La présence féminine sur les lieux de la manifestation était remarquable ce jour-là, mais d’un seul côté de la « ligne de front ». « Les islamistes sont lâches, ils n’ont pas amené leurs femmes contrairement à leur habitude, c’est une preuve que leur agression est préméditée. Mais nous, les femmes, on leur montrera que nous sommes plus courageuses que leurs milices terroristes », s’insurge Dalia Fathi, une « communiste révolutionnaire », qui s’est faite blesser à la jambe.

Vers 18h, les opposants qui ont trouvé le temps de s’organiser ont regagné la place, alors que les Frères ont reçu l’ordre de se retirer du côté du Musée, où se trouvaient les bus qui les ont transportés et dont deux ont été mis à feu.

Dans un communiqué sur leur site Internet, la confrérie a nié sa responsabilité dans les violences qui ont marqué cette journée. Mais pour prouver leur « innocence », les responsables de la confrérie ont usé d’arguments parfois contradictoires. Ainsi, Essam Al-Eriane, candidat à la présidence du Parti Liberté et justice (bras politique de la confrérie), compte 71 blessés parmi les Frères, au moment où Ahmad Abou-Baraka, conseiller juridique du même parti, assure qu’aucun jeune de la confrérie n’était sur la place Tahrir ce jour-là.

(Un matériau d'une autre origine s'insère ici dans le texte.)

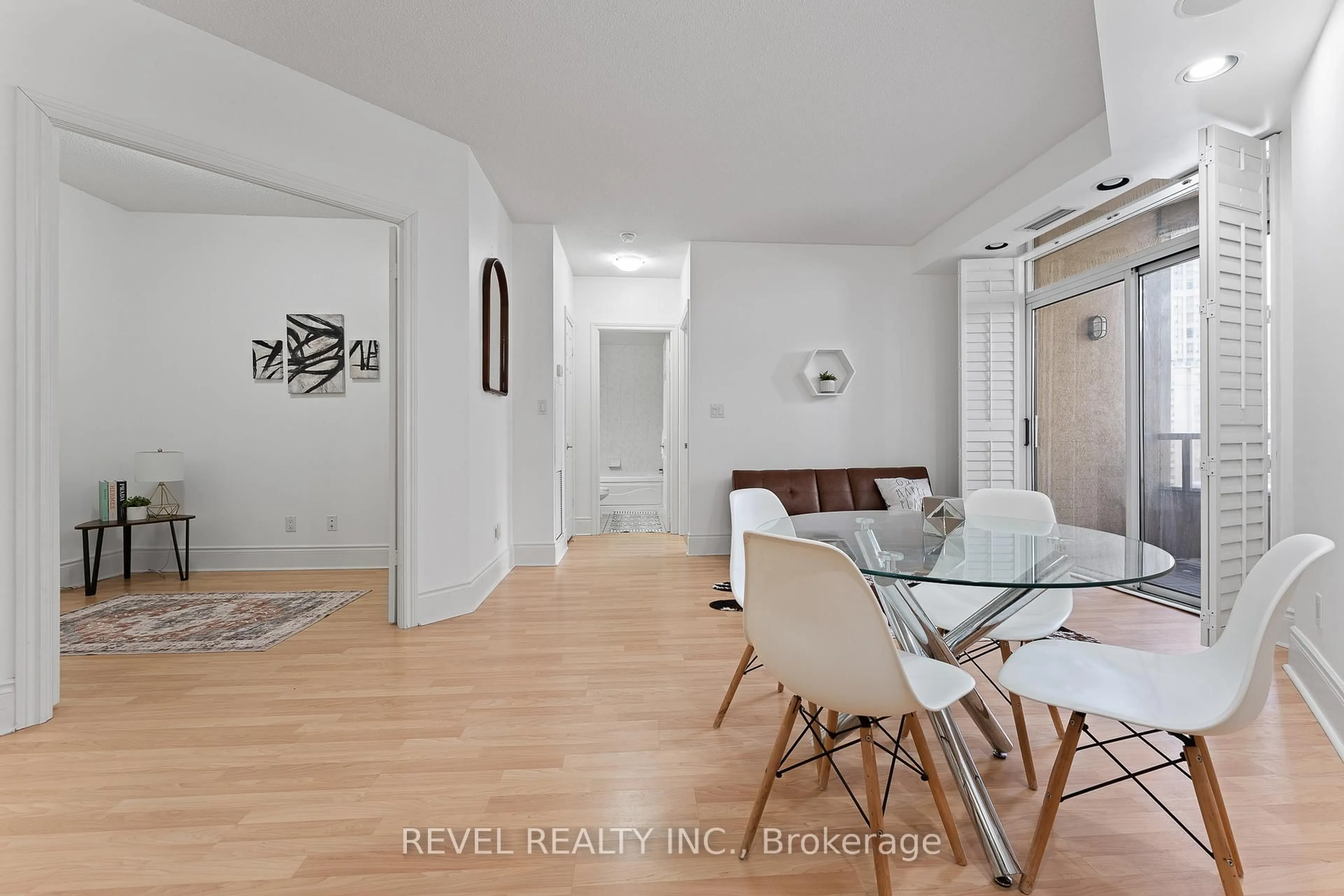 A pic of a room for 3880 Duke Of York Blvd #1101, Mississauga Ontario L5B 4M7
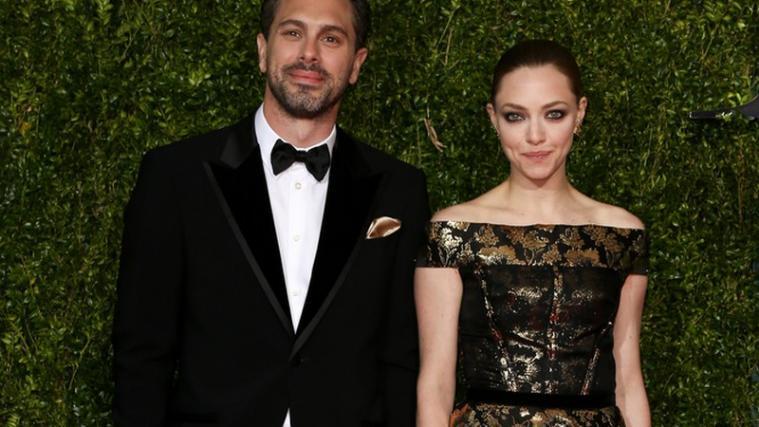 Sie haben sich getraut: Thomas Sadoski und Amanda Seyfried.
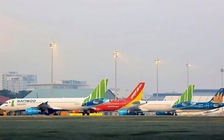 Máy bay nằm chờ nhiều do dịch Covid-19, các hãng muốn tăng chỗ đỗ qua đêm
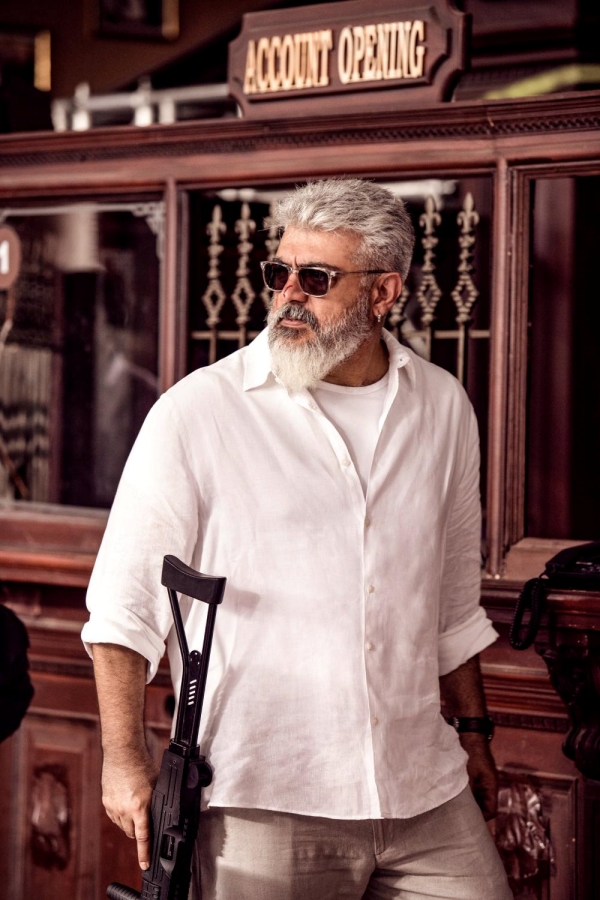 முதல் பாதி சூப்பர்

De son côté, la présidence de la République a tenu à prendre ses distances de ces événements en exprimant son « indignation » et en appelant « au dialogue » les différents courants politiques.

Ce qui n’a pas empêché plusieurs formations politiques de déposer des plaintes auprès du procureur général accusant les Frères musulmans d’agression de manifestants pacifiques. D’autres mouvements appellent déjà à d’autres manifestations vendredi prochain.